Die türkische Regierung fordert von der EU mehr Solidarität und Empathie bei der Aufarbeitung des Putschs.
Brüssel/Berlin. Die Spannungen zwischen der Türkei und der EU halten weiter an. Nachdem Staatschef Recep Tayyip Erdoğan vor wenigen Tagen damit gedroht hatte, den Flüchtlingspakt mit der EU aufzukündigen und die Grenzen für Flüchtlinge zu öffnen, hat Europaminister Ömer Celik jetzt bei einem Besuch in Brüssel diese Warnung erneuert: „Ja, vielleicht könnten die Tore wieder geöffnet werden“, sagte Celik in einem ARD-Interview. Und er fügte hinzu, dass die Türkei schließlich „kein Konzentrationslager“ sei. Er warf der EU vor, zentrale Bestandteile des Flüchtlingsabkommens nicht einzuhalten und nannte als Beispiele die Visa-Liberalisierung, die Finanzhilfen für die Versorgung syrischer Flüchtlinge sowie die Beschleunigung der EU-Beitrittsgespräche.

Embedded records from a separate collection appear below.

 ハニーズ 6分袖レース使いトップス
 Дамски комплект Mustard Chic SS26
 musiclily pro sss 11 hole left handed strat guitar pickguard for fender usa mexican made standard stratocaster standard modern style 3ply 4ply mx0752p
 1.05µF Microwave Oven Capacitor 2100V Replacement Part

Weiterhin kritisch reagieren die türkischen Politiker auf die Resolution im Europaparlament von vergangener Woche, in der die Mehrheit der Abgeordneten ein Einfrieren der Beitrittsverhandlungen fordert. Europaminister Çelik betonte nun bei seinem Brüssel-Besuch, die türkischen Bürger lebten im Pluralismus und verteidigten die Demokratie. Das Votum des Europaparlaments gegen solch eine Gesellschaft sei daher die „ungerechteste Resolution der Geschichte“. Er forderte stattdessen Solidarität und „Empathie“ mit der Türkei angesichts des Putschversuchs gegen den Staat.
Auch Staatschef Erdoğan bekräftigte seine Kritik an der EU: Ankara habe das EU-Kapitel zwar „noch nicht geschlossen“, allerdings sollte niemand vergessen, dass die Türkei stets sehr viele Alternativen habe. Das Einfrieren der Gespräche habe die Türkei „verärgert“, und wenn der Weg in die EU blockiert sei, werde er Alternativen prüfen.

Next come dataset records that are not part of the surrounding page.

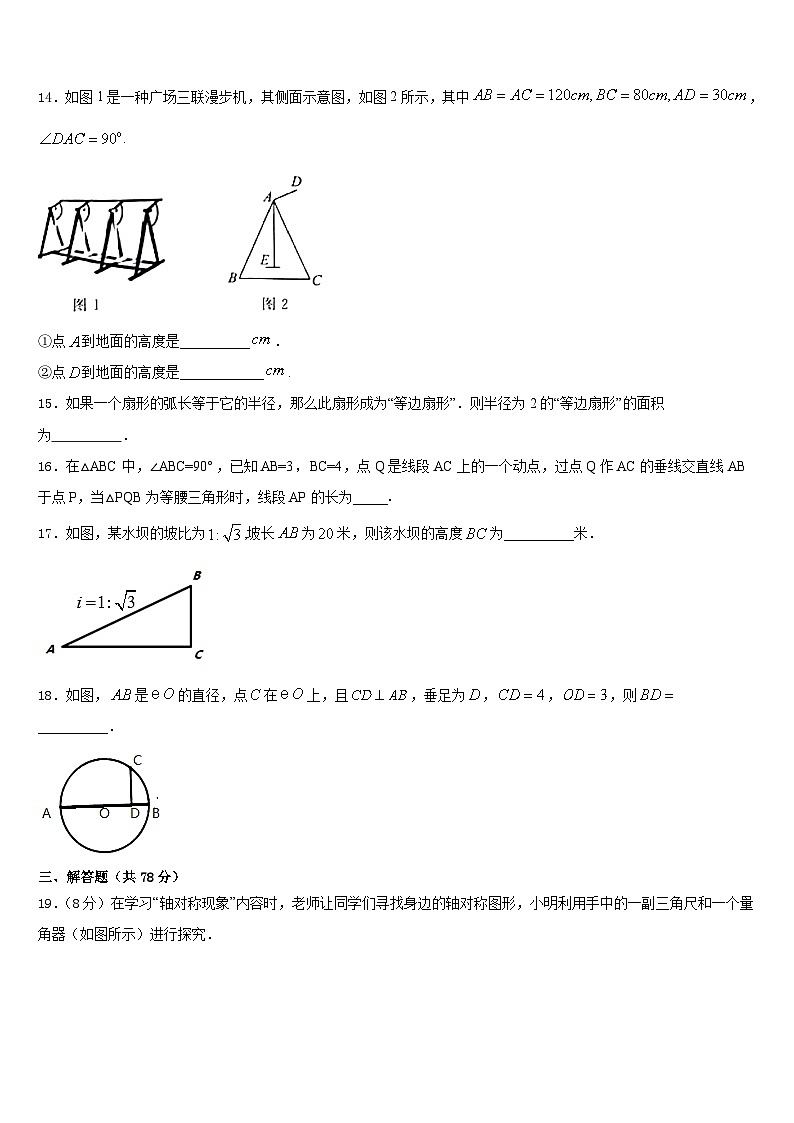 2023-2024学年山东省潍坊市峡山经济开发区数学九年级第一学期期末教学质量检测模拟试题含答案第3页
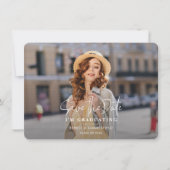 Carte Graduation 2025 Enregistrer la date Annonce (Devant)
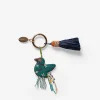 Vanessa Bruno Bird Charm- Raffia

Verwirrung gab es am Mittwoch über die Haltung der deutschen Regierung zu den Beitrittsgesprächen mit der Türkei. In einem Artikel der „Bild“-Zeitung hieß es zunächst, Bundeskanzlerin Angela Merkel habe sich in einer Sitzung der Unionsfraktion dafür ausgesprochen, wegen des Vorgehens der türkischen Regierung nach dem Putschversuch die Beitrittsverhandlungen der EU mit der Türkei zu stoppen. Doch wenig später kam das Dementi: An der Haltung der Regierung habe sich nichts geändert, so ein Sprecher Merkels. Tatsächlich habe die Kanzlerin den Abgeordneten auf Nachfrage nur gesagt, die Öffnung weiterer Verhandlungskapitel mit der Türkei stehe ohnehin nicht zur Debatte. Von einem Stopp der Gespräche sei keine Rede gewesen. Faktisch habe sich die Haltung der Bundesregierung nicht geändert.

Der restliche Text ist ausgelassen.